Athletic director Charley Brown and his staff at UMBC deserve a lot of credit for working a small miracle.
They have succeeded in bringing one of the nation's premier sports events to a second-rate building in a struggling downtown.
That, of course, would be the NCAA basketball Eastern (sub) Regionals, for which UMBC is serving as the host school. The first two rounds will be played at the Arena Thursday and Saturday.
With college basketball as big as it is today, and with cities and colleges all over the country having opened newer and larger arenas, Brown and his marketing director, Marty Schwartz, pulled a coup by hustling this event for Baltimore.
Hey, the Baltimore Arena is fine for the indoor soccer Spirit. It's fine for the indoor lacrosse Thunder.
But the NCAA hoops tournament is about as big time as sports get. The Arena is undersized with a capacity of close to 13,000. It's also a little shopworn, though it's not even 35 years old.
Oh, the place was spruced up and looked fine for the nationally televised Maryland-UMass game that was played there in December. It has been gussied up once again for the NCAAs.
But the doddering old girl on Baltimore Street really is not suited for big-time anything anymore.
Even when it was born as the Civic Center in 1962 it had more than its share of critics.
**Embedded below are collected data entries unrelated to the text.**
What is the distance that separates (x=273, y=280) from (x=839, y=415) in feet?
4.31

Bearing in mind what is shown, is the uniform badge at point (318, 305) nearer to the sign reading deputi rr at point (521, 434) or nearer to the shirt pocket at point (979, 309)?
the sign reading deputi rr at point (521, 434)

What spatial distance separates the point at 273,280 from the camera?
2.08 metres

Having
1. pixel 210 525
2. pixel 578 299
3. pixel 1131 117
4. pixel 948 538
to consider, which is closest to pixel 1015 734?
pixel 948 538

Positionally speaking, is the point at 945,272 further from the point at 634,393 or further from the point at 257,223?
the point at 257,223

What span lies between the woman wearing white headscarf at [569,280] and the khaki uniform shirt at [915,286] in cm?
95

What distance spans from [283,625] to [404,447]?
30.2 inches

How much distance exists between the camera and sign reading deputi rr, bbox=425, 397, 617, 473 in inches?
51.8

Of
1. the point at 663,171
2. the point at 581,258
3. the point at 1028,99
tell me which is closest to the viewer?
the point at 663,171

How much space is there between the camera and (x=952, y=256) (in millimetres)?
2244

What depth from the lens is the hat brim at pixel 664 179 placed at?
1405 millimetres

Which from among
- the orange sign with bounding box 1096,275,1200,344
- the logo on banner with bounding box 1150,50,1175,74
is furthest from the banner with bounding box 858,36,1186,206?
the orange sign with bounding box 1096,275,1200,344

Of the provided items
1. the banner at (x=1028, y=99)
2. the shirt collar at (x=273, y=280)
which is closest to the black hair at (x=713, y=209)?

When Baltimore applied for a franchise in the National Hockey League in the '60s, commissioner Clarence Campbell toured the Civic Center one summer day and, afterward, asked:
"Who designed this place -- Frank Lloyd Wrong?"
We didn't get the franchise, although to this day many believe Baltimore would have been a successful NHL city. The Civic Center killed it.
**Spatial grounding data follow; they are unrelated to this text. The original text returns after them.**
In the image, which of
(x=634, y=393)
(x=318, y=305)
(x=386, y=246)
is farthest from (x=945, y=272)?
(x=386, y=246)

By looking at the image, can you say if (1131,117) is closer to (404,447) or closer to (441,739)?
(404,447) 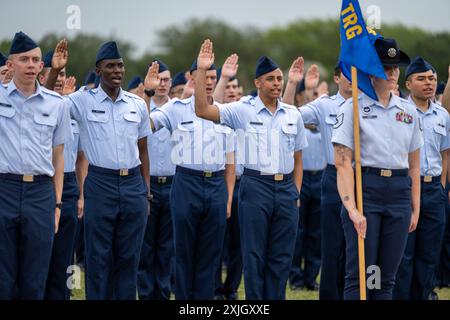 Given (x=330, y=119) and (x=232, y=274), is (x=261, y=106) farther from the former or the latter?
(x=232, y=274)

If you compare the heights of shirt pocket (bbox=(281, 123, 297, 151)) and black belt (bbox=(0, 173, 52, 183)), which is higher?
shirt pocket (bbox=(281, 123, 297, 151))

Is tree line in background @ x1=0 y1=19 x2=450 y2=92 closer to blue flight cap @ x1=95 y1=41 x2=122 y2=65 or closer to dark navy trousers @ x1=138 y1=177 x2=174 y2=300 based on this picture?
dark navy trousers @ x1=138 y1=177 x2=174 y2=300

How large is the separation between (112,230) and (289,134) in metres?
1.98

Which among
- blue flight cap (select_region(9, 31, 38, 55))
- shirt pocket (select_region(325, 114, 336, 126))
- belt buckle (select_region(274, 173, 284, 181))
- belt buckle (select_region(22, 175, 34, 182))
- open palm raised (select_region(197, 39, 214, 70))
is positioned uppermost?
blue flight cap (select_region(9, 31, 38, 55))

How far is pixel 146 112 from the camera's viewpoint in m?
9.78

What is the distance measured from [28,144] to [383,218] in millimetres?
3074

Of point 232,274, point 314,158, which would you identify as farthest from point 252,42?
point 232,274

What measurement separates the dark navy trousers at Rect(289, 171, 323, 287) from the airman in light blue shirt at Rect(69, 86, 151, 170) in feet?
15.1

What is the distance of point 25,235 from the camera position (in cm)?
831

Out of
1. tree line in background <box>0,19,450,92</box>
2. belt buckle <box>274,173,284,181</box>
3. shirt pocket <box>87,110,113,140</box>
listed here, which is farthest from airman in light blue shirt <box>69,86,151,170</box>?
tree line in background <box>0,19,450,92</box>

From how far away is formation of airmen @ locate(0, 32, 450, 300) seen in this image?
8.43 m

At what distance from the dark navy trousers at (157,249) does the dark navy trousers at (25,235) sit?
9.92ft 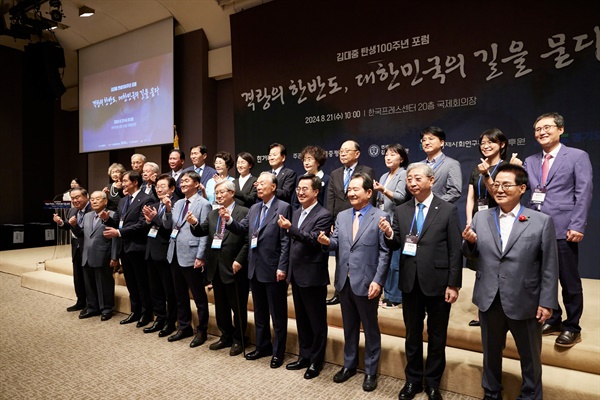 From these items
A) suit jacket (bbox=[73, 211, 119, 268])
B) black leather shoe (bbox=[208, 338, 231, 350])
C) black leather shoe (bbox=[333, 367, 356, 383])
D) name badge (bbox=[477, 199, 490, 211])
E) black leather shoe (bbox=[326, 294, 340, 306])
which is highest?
name badge (bbox=[477, 199, 490, 211])

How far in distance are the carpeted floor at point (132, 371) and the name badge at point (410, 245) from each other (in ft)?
3.04

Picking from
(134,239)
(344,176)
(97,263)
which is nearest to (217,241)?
(344,176)

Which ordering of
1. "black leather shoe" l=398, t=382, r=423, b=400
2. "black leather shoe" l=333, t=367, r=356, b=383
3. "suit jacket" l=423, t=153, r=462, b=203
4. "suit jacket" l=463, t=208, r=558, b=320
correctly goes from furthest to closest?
1. "suit jacket" l=423, t=153, r=462, b=203
2. "black leather shoe" l=333, t=367, r=356, b=383
3. "black leather shoe" l=398, t=382, r=423, b=400
4. "suit jacket" l=463, t=208, r=558, b=320

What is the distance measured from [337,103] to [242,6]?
2.43 metres

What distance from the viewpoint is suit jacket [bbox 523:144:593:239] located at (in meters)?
2.52

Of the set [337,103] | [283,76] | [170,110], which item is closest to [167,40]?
[170,110]

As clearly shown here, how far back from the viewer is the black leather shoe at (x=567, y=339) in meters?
2.53

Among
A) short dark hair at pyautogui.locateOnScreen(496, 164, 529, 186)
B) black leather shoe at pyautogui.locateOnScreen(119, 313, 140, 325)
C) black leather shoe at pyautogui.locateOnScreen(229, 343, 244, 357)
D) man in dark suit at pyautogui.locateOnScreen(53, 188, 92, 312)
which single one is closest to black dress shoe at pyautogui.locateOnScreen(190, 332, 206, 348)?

This is why it's clear that Brown and Schwartz did a real selling job on the NCAA. As a result, our city -- which has only one major-league sport, with that one now on strike -- will enjoy a rare treat this week.
If we had a modern building that befits a city and market like ours, we could host more of such events.
"The NCAA has told us," Brown said yesterday, "that if we had a dome, we could get the Final Four here."
Now you're talking, Charley Brown. Now you're saying something that should really get our juices flowing.
This Eastern Regional stuff is very nice, but in a way it merely whets the appetite.
For years the big sports push in Baltimore has been to get back in the National Football League. The debate now, after having been rejected by the NFL, concerns whether to preserve the funding mechanism to finance a new football-only stadium.
One objection to such a place is that, with football only, it would be used only 10 or 12 times a year.
A domed stadium obviously would accommodate football as well as providing a home for indoor sports, including the NCAA Final Four. Even Super Bowls have been played under domes.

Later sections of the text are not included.